Sql-server – Text Storage and Database Design Optimization in a SQL Server Database

database-designoptimizationsql server

Given a database with a number of columns (c), where some of these columns contain text that is one of multiple values due to a set CONSTRAINT on the columns, what is the most efficient way to structure this database? Also considering the number of rows (r) the database may grow to in size.

Example: given a table with three columns, one being an auto incrementing integer ID column, another being a Fruit column where acceptable fruits are 'Apple','Banana','Orange', and 'Strawberry', along with the final column being Color with 'Red', 'Orange', 'Green', and 'Yellow' as acceptable values. Let us assume the Fruit and Color column have a data type of varchar(50). Which of the following would be a good practice and suitable database design?

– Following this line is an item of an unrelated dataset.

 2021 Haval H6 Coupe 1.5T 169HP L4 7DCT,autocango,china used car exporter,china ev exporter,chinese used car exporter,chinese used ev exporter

  1. Should each value be directly represented in the table as follows given the previous example. Would it be fair to say that after a large number of rows querying such a table would be very inefficient due to the large storage and computation requirements required on the text?

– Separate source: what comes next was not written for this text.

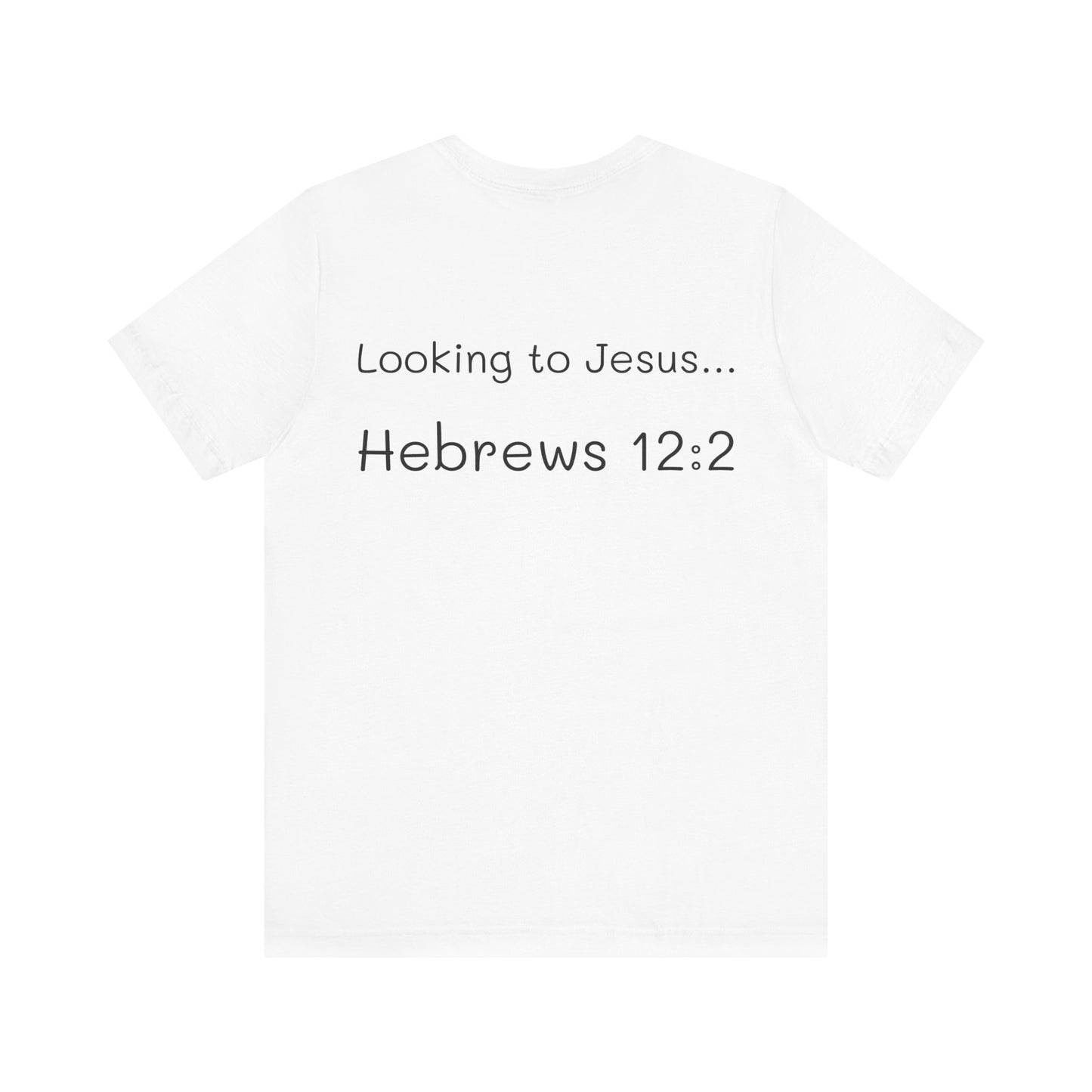 Cross Eyed Short Sleeve Tee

    +-----+--------+--------+
    | ID | Fruit | Color |
    +-----+--------+--------+
    | 1 | Banana | Yellow |
    | 2 | Apple | Green |
    | ... | ... | ... |
    | 500 | Orange | Orange |
    +-----+--------+--------+

    OR

  2. For each column that has one of multiple values applicable to it, should that be represented in another table with integer values, and then joined together with an INNER JOIN? Followed by an integer representation in the main table? Does this depend on the length of the text values being stored in that field? For the given example, we would then have three tables.

    +----+------------+
    | ID | FruitName |
    +----+------------+
    | 1 | Apple |
    | 2 | Banana |
    | 3 | Orange |
    | 4 | Strawberry |
    +----+------------+
    +----+------------+
    | ID | FruitColor |
    +----+------------+
    | 1 | Red |
    | 2 | Green |
    | 3 | Orange |
    | 4 | Yellow |
    +----+------------+

    Then followed by:

    +-----+-------+-------+
    | ID | Fruit | Color |
    +-----+-------+-------+
    | 1 | 2 | 4 |
    | 2 | 1 | 2 |
    | ... | ... | ... |
    | 500 | 3 | 3 |
    +-----+-------+-------+

Is there any mathematical 'rule-of-thumb' when designing a database considering the number of rows and the type of data to be stored in each column? Or should the second schema be followed in general.

Best Answer

If all apples are green and all bananas are yellow a Fruit table (ID int, Name varchar(50), colour varchar(50)) would be appropriate, with your data table having a foreign key to it.

If you have yellow apples and orange bananas (yea for genetic engineering!), but only certain combinations are permitted you will need FruitRainbow(ID int, FruitID, ColourID) with the latter two as FKs to your option 2 tables above and your data table having a FK to FruitRainbow.

If any fruit can occur in any colour, and you don't want to limit those combinations in advance, your option 2 is fine.

If your query is really about resource optimisation rather than relational integrity then you'll have to decide what you want to gain and what you're willing to trade to get it. By using integer FKs instead of natural name you get a smaller disk footprint at the cost of runtime load. There are no free lunches. Pick your problem and solve it in the knowledge of the compromises it will entail.